# [ASSIGNED TASK]
Please output exactly the part of the records below that opens with the line containing "Al Muvedre 2012" and closes with the line containing "Scarce 45 rpm", both lines included, and nothing else.

# [EXERCISE DATA]

--- START ---

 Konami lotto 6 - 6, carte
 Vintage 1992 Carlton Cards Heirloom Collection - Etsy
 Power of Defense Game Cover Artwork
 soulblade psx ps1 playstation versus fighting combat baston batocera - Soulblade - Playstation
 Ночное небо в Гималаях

--- END ---
--- START ---

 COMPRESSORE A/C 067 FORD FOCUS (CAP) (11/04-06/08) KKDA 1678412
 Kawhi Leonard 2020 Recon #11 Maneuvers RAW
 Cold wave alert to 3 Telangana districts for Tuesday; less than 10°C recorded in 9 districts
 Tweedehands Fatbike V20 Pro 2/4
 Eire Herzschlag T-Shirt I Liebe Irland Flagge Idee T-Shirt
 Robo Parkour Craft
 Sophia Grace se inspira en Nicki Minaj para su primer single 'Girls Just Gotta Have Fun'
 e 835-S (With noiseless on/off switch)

--- END ---
--- START ---

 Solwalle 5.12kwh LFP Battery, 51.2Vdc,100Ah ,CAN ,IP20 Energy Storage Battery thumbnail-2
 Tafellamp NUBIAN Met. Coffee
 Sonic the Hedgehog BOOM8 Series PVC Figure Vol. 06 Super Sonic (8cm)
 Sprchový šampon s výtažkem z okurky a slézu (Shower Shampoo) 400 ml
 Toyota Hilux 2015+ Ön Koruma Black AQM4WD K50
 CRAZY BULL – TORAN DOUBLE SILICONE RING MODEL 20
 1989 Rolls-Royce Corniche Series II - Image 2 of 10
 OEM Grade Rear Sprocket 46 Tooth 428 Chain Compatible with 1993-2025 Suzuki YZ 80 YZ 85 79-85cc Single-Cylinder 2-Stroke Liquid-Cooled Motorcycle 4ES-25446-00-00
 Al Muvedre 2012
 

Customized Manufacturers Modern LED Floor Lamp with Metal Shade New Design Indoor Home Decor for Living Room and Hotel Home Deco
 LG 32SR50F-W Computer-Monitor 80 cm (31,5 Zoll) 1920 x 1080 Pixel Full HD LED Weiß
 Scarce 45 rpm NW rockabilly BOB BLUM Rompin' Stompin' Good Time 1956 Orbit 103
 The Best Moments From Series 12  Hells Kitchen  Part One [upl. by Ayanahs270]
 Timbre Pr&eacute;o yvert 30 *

--- END ---

# [REPLY]
 Al Muvedre 2012
 

Customized Manufacturers Modern LED Floor Lamp with Metal Shade New Design Indoor Home Decor for Living Room and Hotel Home Deco
 LG 32SR50F-W Computer-Monitor 80 cm (31,5 Zoll) 1920 x 1080 Pixel Full HD LED Weiß
 Scarce 45 rpm NW rockabilly BOB BLUM Rompin' Stompin' Good Time 1956 Orbit 103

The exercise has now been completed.